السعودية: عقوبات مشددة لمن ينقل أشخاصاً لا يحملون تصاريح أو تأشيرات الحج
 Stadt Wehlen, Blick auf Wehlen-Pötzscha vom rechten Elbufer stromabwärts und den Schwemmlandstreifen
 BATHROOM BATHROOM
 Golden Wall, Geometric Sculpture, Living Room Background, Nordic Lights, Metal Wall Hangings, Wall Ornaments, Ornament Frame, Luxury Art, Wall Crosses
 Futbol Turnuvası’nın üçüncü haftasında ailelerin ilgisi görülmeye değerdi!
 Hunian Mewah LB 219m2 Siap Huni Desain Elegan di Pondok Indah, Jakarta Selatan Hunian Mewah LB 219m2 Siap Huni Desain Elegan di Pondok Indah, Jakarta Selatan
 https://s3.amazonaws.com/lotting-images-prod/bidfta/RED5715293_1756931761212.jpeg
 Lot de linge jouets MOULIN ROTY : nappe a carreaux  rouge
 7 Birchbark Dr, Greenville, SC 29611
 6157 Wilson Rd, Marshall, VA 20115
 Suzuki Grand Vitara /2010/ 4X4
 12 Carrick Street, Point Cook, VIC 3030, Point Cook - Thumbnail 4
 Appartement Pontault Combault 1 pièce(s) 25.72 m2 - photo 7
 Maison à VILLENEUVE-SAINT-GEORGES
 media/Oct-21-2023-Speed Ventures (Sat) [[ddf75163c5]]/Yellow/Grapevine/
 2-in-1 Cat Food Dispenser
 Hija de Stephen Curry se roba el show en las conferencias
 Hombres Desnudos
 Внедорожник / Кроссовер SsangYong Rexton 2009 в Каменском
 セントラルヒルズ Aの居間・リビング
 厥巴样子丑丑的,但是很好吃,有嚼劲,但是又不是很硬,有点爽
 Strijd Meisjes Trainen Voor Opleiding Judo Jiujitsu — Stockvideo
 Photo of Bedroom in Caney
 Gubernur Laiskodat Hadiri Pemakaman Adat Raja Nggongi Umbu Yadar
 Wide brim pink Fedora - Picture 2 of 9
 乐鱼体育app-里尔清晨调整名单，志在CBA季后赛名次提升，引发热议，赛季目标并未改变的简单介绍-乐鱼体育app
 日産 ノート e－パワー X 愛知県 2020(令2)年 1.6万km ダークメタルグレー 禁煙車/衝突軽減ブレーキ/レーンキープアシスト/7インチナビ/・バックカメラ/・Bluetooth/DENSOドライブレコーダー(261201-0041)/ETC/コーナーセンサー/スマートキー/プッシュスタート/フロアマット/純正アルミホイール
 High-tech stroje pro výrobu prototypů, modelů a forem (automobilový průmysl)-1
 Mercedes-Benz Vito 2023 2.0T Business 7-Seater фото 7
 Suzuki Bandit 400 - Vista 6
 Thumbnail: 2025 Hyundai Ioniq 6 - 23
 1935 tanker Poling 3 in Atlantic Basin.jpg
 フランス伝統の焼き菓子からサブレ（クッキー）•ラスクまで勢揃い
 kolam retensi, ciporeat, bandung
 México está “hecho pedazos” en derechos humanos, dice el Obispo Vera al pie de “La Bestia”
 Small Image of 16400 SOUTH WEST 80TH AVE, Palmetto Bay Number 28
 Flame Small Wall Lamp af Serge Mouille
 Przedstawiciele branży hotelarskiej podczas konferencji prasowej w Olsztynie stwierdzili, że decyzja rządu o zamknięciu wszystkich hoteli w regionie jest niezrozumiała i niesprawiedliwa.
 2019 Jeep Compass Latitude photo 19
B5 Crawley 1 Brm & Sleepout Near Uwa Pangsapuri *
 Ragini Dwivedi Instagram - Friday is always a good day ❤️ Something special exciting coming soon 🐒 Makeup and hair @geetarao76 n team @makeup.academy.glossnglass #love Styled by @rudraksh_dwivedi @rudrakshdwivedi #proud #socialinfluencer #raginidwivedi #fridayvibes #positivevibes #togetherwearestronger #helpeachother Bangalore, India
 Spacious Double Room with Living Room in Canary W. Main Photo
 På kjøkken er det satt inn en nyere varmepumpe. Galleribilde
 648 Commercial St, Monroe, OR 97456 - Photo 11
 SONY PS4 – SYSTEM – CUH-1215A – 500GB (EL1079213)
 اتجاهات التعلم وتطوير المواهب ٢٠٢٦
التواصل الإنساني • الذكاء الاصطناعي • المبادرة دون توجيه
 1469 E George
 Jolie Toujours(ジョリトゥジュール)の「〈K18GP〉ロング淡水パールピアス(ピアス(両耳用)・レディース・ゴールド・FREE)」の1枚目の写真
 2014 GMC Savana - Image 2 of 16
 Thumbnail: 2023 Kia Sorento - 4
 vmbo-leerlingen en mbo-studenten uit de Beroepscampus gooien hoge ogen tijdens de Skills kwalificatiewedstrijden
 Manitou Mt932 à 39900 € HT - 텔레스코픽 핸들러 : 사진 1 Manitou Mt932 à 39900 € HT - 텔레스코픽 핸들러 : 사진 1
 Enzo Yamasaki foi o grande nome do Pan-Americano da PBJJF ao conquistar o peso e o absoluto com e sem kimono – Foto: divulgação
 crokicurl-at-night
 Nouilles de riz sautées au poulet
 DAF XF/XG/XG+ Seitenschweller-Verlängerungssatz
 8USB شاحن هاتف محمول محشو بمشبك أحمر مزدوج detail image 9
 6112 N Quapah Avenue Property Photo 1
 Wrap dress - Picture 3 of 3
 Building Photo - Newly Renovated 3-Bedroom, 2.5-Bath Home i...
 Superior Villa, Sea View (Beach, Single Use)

- **Exercise objective**
Nothing but the lines above from the one containing "Maison à VILLENEUVE-SAINT-GEORGES" through the one containing "Wide brim pink Fedora - Picture 2 of 9" should appear in the answer, each repeated exactly.

- **Answer below**
 Maison à VILLENEUVE-SAINT-GEORGES
 media/Oct-21-2023-Speed Ventures (Sat) [[ddf75163c5]]/Yellow/Grapevine/
 2-in-1 Cat Food Dispenser
 Hija de Stephen Curry se roba el show en las conferencias
 Hombres Desnudos
 Внедорожник / Кроссовер SsangYong Rexton 2009 в Каменском
 セントラルヒルズ Aの居間・リビング
 厥巴样子丑丑的,但是很好吃,有嚼劲,但是又不是很硬,有点爽
 Strijd Meisjes Trainen Voor Opleiding Judo Jiujitsu — Stockvideo
 Photo of Bedroom in Caney
 Gubernur Laiskodat Hadiri Pemakaman Adat Raja Nggongi Umbu Yadar
 Wide brim pink Fedora - Picture 2 of 9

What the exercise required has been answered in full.